“I was chairman for two days, and jets with my engines hit a building I insured, which was covered by a network I owned,” he says.
To top it off, Immelt had just inherited the reins of what is, by market capitalization, the world’s largest company—and from one of the most venerated of industry captains no less: corporate management guru Jack Welch.
Almost four years later, having carried the company through a weak economy battered by corporate scandals and a lack of consumer confidence, Immelt has survived, albeit sustaining a sharp plunge in G.E.’s market value since 2001.
“We’ve been through tough times before. Lots of them,” he told shareholders in April 2002. “And when we’ve hit those rough patches, one thing always happens: we always come out a stronger and better company. This time will be no different.”
AT THE HELM
By the time Immelt took over from Welch in 2001, he had shadowed the legendary CEO for nine months and beaten two other people to the top job.
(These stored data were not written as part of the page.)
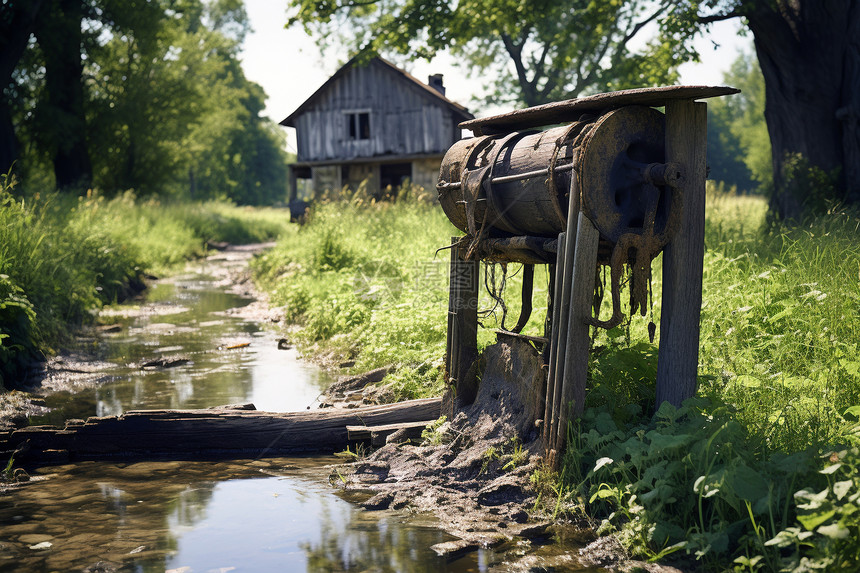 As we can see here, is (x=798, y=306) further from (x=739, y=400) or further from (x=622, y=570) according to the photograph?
(x=622, y=570)

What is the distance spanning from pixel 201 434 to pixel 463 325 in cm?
225

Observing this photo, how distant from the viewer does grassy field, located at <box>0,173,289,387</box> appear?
8.30 metres

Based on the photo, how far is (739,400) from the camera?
4.91 meters

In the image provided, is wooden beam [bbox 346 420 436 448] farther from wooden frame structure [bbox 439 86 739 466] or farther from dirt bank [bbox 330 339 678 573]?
wooden frame structure [bbox 439 86 739 466]

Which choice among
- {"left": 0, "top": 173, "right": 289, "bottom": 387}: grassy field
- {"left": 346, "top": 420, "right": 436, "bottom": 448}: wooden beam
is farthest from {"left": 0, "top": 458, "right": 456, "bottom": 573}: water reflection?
{"left": 0, "top": 173, "right": 289, "bottom": 387}: grassy field

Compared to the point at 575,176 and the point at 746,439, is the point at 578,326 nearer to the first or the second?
the point at 575,176

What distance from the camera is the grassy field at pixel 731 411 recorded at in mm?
3418

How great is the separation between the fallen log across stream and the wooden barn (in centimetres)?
2034

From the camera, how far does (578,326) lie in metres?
4.41

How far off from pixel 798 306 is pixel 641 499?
324cm

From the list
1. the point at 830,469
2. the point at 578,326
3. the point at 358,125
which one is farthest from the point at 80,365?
the point at 358,125

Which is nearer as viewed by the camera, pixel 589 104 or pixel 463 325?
pixel 589 104

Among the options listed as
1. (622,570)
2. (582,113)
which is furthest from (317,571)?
(582,113)

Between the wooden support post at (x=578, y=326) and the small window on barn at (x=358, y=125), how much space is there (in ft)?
77.7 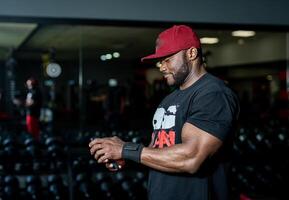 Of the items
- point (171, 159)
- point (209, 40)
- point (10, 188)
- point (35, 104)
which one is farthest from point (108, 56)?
point (171, 159)

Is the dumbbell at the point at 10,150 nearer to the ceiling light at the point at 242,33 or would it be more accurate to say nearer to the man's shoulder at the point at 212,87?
the ceiling light at the point at 242,33

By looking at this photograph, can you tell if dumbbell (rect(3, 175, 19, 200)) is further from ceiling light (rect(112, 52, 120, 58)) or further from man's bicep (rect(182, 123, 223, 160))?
man's bicep (rect(182, 123, 223, 160))

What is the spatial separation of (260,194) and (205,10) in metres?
1.54

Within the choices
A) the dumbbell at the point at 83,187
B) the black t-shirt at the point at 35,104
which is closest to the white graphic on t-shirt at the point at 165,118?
the dumbbell at the point at 83,187

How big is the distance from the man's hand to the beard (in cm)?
24

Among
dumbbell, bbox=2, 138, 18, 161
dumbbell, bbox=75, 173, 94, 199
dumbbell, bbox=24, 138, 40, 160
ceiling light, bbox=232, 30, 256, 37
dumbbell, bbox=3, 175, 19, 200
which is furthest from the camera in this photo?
ceiling light, bbox=232, 30, 256, 37

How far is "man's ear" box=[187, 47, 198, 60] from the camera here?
1185mm

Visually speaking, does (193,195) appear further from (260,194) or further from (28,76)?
(28,76)

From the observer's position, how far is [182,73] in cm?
121

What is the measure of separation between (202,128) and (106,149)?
0.88 ft

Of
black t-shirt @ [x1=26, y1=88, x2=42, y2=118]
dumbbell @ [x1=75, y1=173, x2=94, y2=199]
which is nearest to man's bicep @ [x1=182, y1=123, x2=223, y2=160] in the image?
dumbbell @ [x1=75, y1=173, x2=94, y2=199]

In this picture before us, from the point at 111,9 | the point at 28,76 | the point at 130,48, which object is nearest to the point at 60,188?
the point at 111,9

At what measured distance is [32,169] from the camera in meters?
3.64

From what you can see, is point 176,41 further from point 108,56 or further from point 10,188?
point 108,56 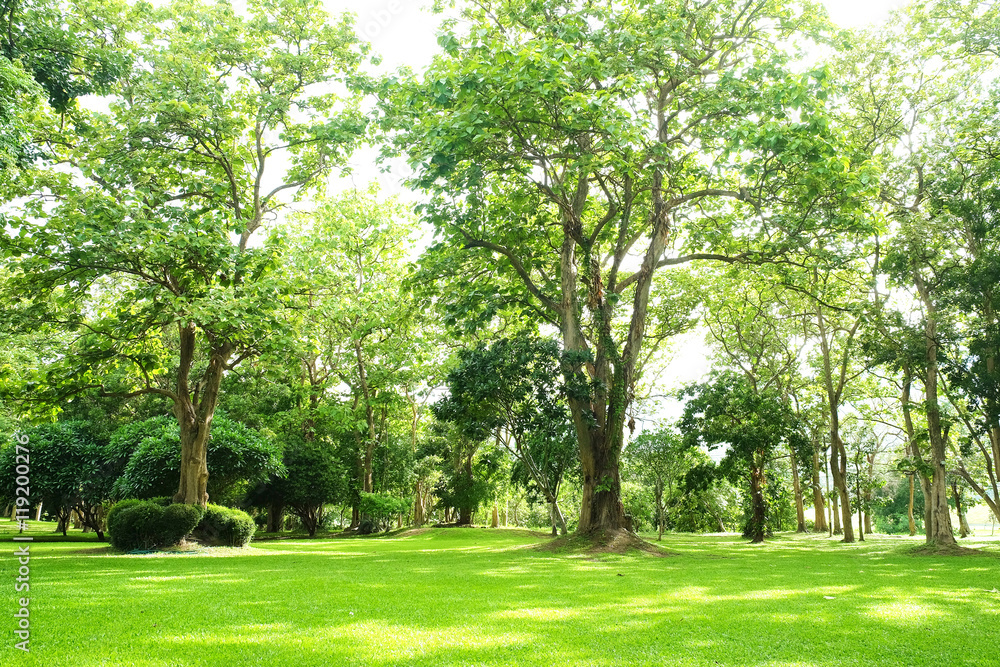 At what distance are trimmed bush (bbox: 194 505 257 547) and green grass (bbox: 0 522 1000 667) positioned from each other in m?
4.47

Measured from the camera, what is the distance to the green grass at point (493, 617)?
16.5 ft

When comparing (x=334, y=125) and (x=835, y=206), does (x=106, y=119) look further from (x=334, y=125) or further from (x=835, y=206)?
(x=835, y=206)

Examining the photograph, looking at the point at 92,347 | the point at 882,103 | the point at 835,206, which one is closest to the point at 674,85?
the point at 835,206

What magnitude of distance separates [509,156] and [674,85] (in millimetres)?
5682

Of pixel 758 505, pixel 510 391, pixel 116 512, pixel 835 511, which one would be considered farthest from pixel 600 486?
pixel 835 511

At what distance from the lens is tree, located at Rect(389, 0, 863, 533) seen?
12555 millimetres

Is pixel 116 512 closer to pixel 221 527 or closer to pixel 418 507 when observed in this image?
pixel 221 527

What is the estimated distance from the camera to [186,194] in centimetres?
1638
Benson P. Shapiro, McNair professor of marketing, emeritus, at the Harvard Business School (HBS), explains the contrast between Immelt and his predecessor Welch.
“Welch was a very good operator... he emphasized execution and implementation. I think Jeff is trying to add innovation to that mix.”
Since being elected as CEO of G.E., Immelt, who is the ninth chairman of the $400 billion company, has especially emphasized innovation. His main strategy has been to introduce a company-wide strategy called “Imaginative Breakthroughs,” which financially encourages research into new projects and products. Five billion dollars, to be spent over the next four years, will go toward such projects as fuel-efficient locomotives and portable ultrasounds.
Immelt’s 2002 decision to treat employee stock options as an expenditure drew industry-wide accolades, as colleagues praised his commitment to fiscal responsibility.
And, by the numbers, Immelt’s changes seem to be paying off. G.E. recently achieved record first-quarter earnings of $4 billion, up from the $3.2 billion during the same period in 2004. The company not only weathered the post-Sept. 11 economy, but actually gained $381 million during this time.
CLIMBING THE LADDER
Immelt’s rise to the top of G.E. started in 1982, when the company hired him fresh out of HBS.
He began in corporate marketing and moved among the plastics, medical systems, and appliances divisions. Twenty- six years later, he became the president and CEO of the medical systems department, which is today a $12-billion leader in the health-care industry.
Despite Immelt’s winning streak, he encountered setbacks.